Yesterday, the Basel Committee on Banking Supervision published its Compilation of Capital Disclosure Requirements (“Disclosure Rules”) setting forth a uniform scheme for Basel II banks to disclose the composition of their regulatory capital. These rules are intended to be implemented by national supervisors by June 30, 2013, and affected banks will be expected to comply with all but one of the new requirements for any balance sheet financial statements published after that date. One fully phased-in requirement, a “common disclosure template,” becomes effective on and after January 1, 2018.

In announcing these rules, the Basel Committee noted that the financial crisis revealed the difficulties that market participants and national supervisors had in their efforts to undertake detailed assessments of banks’ capital positions and make cross-jurisdictional comparisons, as a result of “insufficiently detailed disclosure” by banks and a lack of consistency in reporting between banks and across jurisdictions. The Disclosure Rules are intended to address these perceived disclosure deficiencies, and promote uniform and meaningful capital disclosures within and across national jurisdictions.
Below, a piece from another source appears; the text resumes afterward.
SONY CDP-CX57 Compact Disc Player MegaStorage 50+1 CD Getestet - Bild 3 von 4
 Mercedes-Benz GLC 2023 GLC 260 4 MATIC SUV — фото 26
Basel II banks in the United States can expect future banking agency rulemaking to implement the Disclosure Rules. These rules presumably will be integrated with the disclosure provisions in the new capital and resolution planning regulations. Review of yesterday’s announcement should not be limited to Basel II banks in the United States, however; as with other Basel standards, the Disclosure Rules may lead to new disclosure requirements for a large number of non-Basel II banks in the U.S.